EXERCISE OBJECTIVE:
When you retype the records that follow, keep each word as it is and drop any pictures.

START EXERCISE DATA

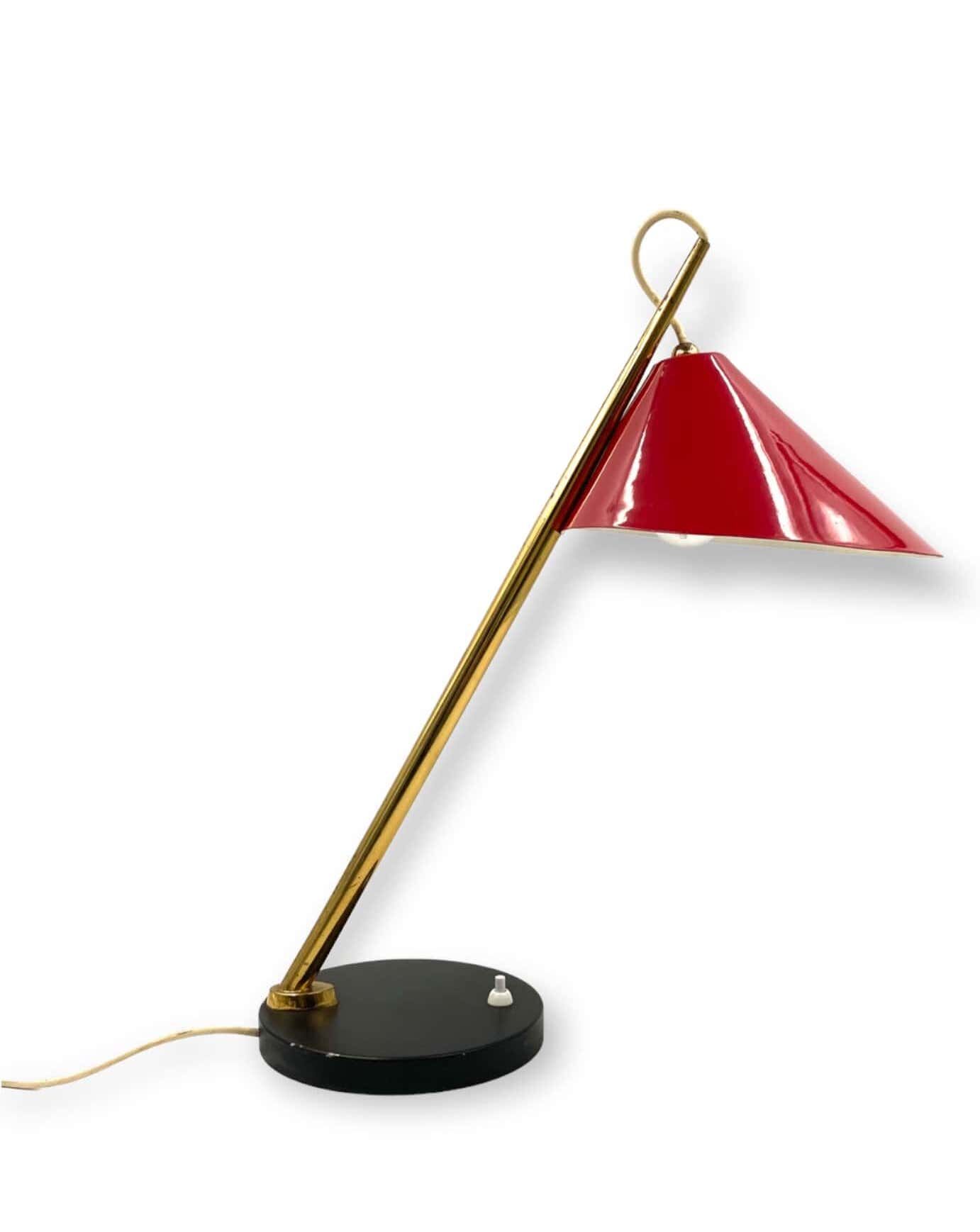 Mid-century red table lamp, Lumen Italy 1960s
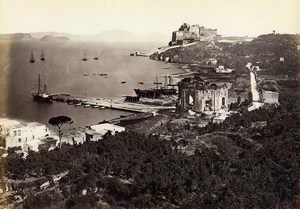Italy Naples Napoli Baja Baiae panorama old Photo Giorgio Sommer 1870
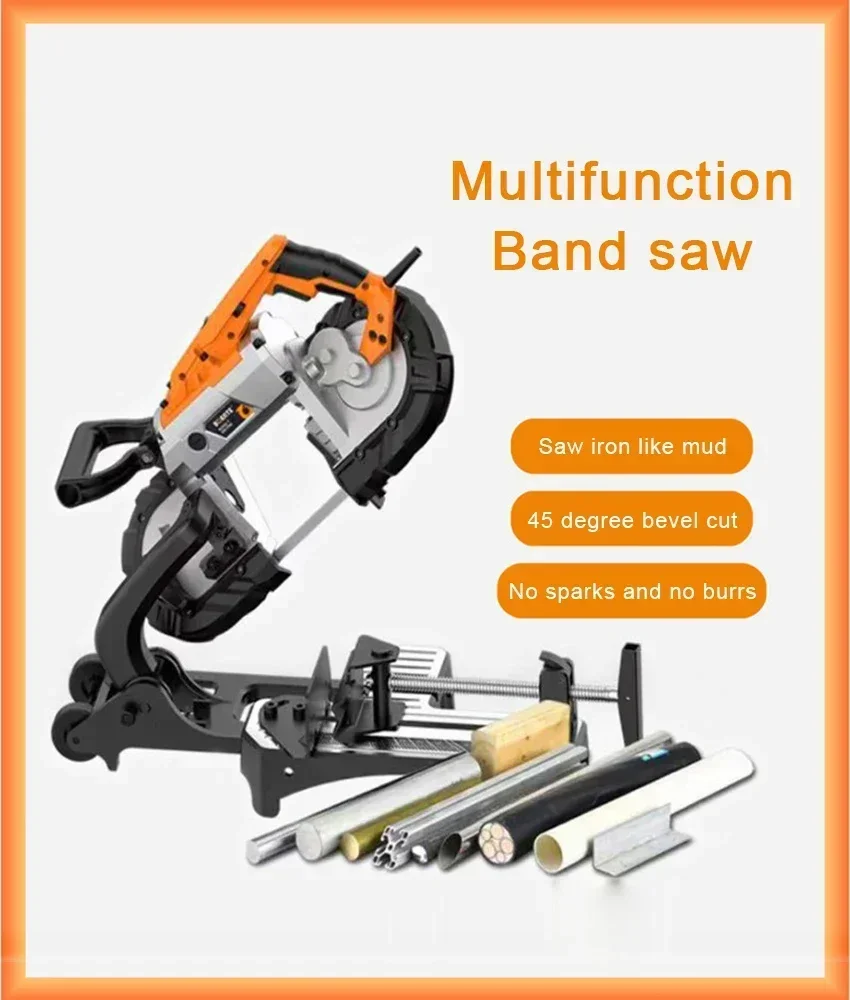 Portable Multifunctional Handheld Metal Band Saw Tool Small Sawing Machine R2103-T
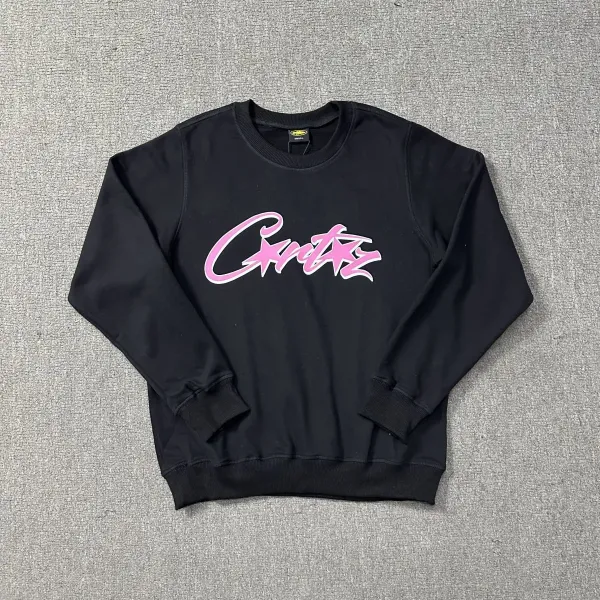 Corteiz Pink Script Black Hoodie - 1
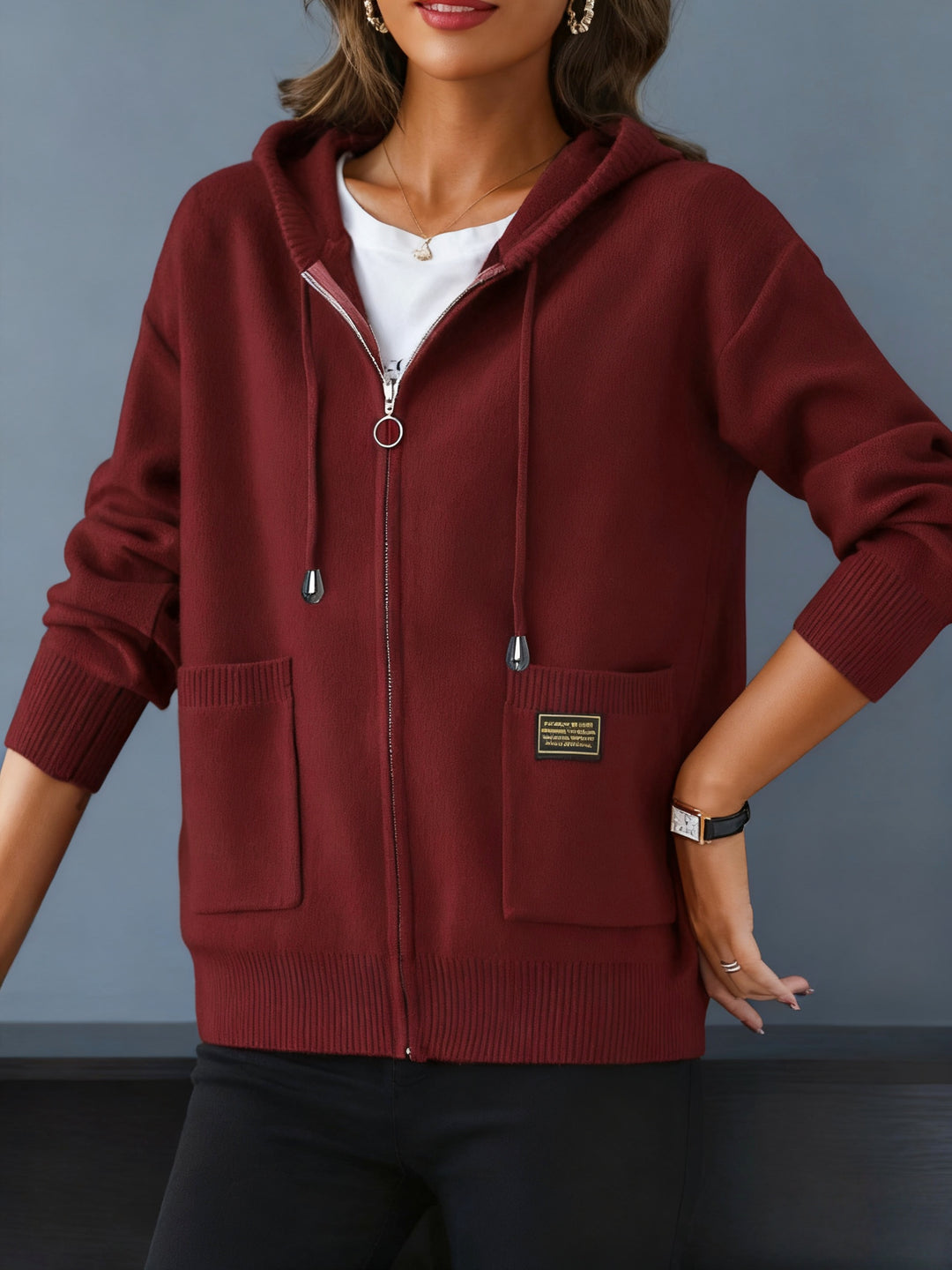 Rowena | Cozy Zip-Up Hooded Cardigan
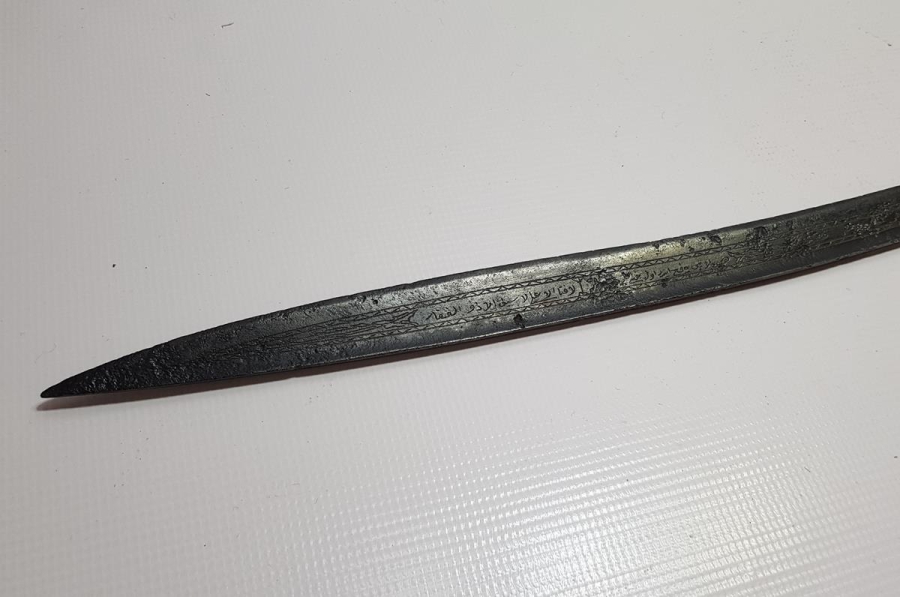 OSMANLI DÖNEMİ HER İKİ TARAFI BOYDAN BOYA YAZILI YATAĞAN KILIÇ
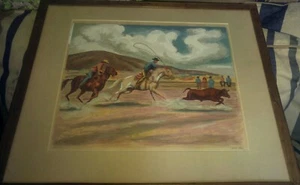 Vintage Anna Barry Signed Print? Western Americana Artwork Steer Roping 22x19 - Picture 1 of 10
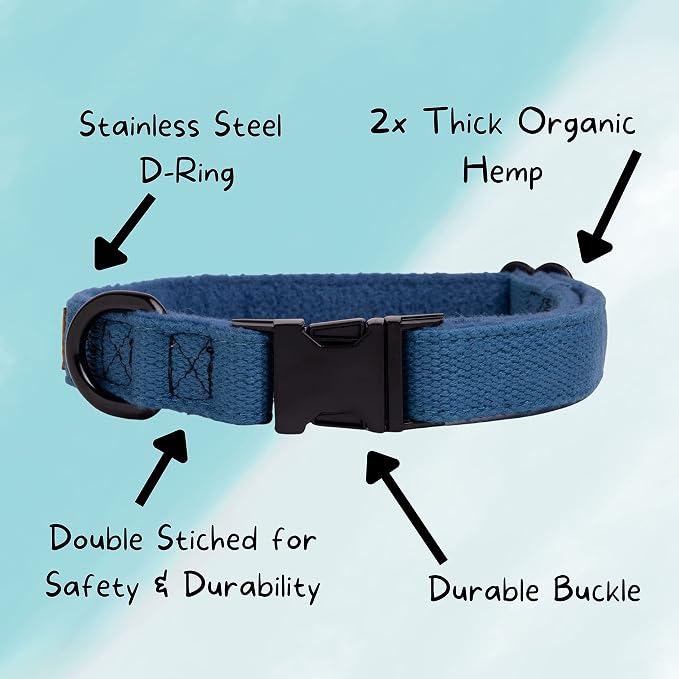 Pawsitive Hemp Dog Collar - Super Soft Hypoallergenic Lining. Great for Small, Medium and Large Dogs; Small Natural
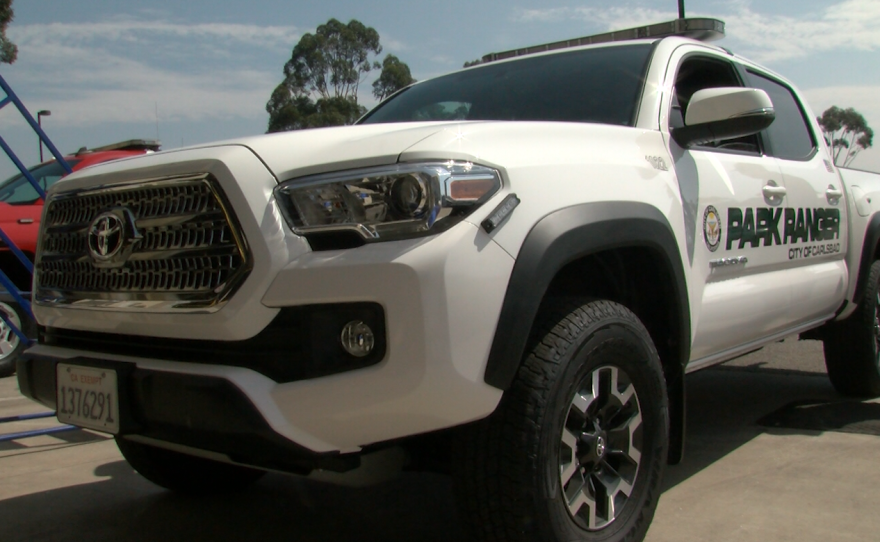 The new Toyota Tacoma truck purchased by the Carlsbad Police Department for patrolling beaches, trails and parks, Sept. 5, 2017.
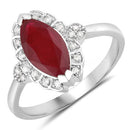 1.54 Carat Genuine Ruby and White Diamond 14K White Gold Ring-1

END EXERCISE DATA

ANSWER:
 Mid-century red table lamp, Lumen Italy 1960s
Italy Naples Napoli Baja Baiae panorama old Photo Giorgio Sommer 1870
 Portable Multifunctional Handheld Metal Band Saw Tool Small Sawing Machine R2103-T
 Corteiz Pink Script Black Hoodie - 1
 Rowena | Cozy Zip-Up Hooded Cardigan
 OSMANLI DÖNEMİ HER İKİ TARAFI BOYDAN BOYA YAZILI YATAĞAN KILIÇ
 Vintage Anna Barry Signed Print? Western Americana Artwork Steer Roping 22x19 - Picture 1 of 10
 Pawsitive Hemp Dog Collar - Super Soft Hypoallergenic Lining. Great for Small, Medium and Large Dogs; Small Natural
 The new Toyota Tacoma truck purchased by the Carlsbad Police Department for patrolling beaches, trails and parks, Sept. 5, 2017.
 1.54 Carat Genuine Ruby and White Diamond 14K White Gold Ring-1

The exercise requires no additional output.